Derive target_device per export from the engine's real device index, reusing the backend's own _get_engine_info_from_edge_program + _parse_device_id so the index cannot drift from the runtime blob. Fall back to cuda:0 when the program does not have exactly one engine node (multiple TRT partitions) or the index is unreadable; per-partition multi-GPU labeling is left to a follow-up. An explicit caller-provided target_device is used verbatim, unchanged.
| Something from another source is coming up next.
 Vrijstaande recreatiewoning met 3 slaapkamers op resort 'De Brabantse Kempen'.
Also document that target_device is AOT-only metadata: the runtime selects the GPU from the serialized engine blob, not from this value.
---
 py/torch_tensorrt/executorch/partitioner.py | 73 +++++++++++++++++----
 1 file changed, 62 insertions(+), 11 deletions(-)
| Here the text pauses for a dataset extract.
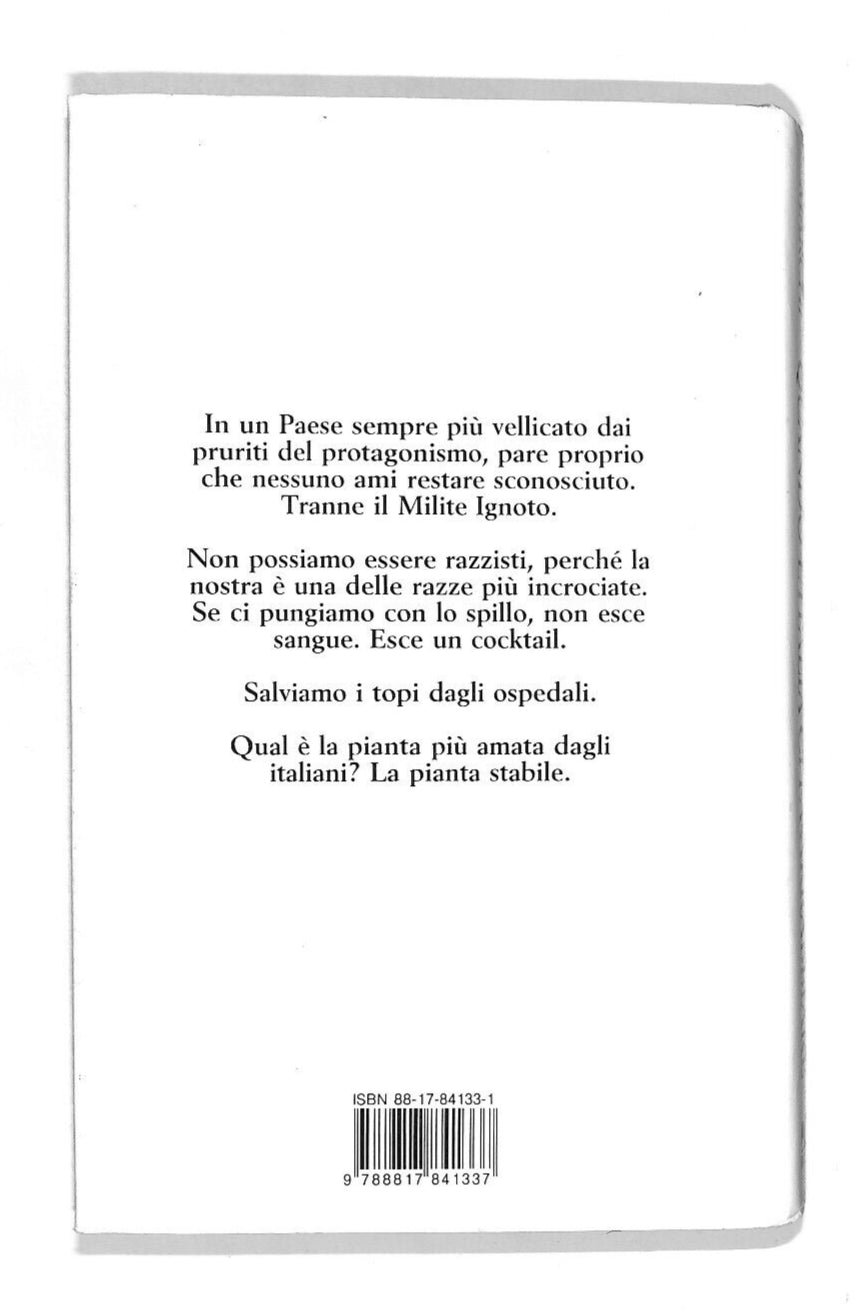 EBOND Quando L'italia Ci Fa Arrabbiare Libro LI011957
diff --git a/py/torch_tensorrt/executorch/partitioner.py b/py/torch_tensorrt/executorch/partitioner.py
index 7fde508450..c7637a90b7 100644
--- a/py/torch_tensorrt/executorch/partitioner.py
+++ b/py/torch_tensorrt/executorch/partitioner.py
@@ -1,5 +1,6 @@
 # ExecuTorch partitioner: partition by execute_engine nodes.
 
+import logging
 from typing import Callable, Dict, List, Optional, Tuple
 
 import torch
@@ -12,7 +13,12 @@
 from executorch.exir.backend.utils import tag_constant_data
 from torch.export import ExportedProgram
 from torch.fx.passes.infra.partitioner import CapabilityBasedPartitioner
-from torch_tensorrt.executorch.backend import TensorRTBackend
+from torch_tensorrt.dynamo.runtime._TorchTensorRTModule import DEVICE_IDX
+from torch_tensorrt.executorch.backend import (
+    TensorRTBackend,
+    _get_engine_info_from_edge_program,
+    _parse_device_id,
+)
 from torch_tensorrt.executorch.operator_support import TensorRTOperatorSupport
 
 # Key recognized by ExecuTorch's PropagateDevicePass that tags delegate I/O
@@ -29,6 +35,8 @@
 except ImportError:
     _TARGET_DEVICE_COMPILE_SPEC_KEY = "target_device"
 
+logger = logging.getLogger(__name__)
+
 
 class TensorRTPartitioner(Partitioner):  # type: ignore[misc]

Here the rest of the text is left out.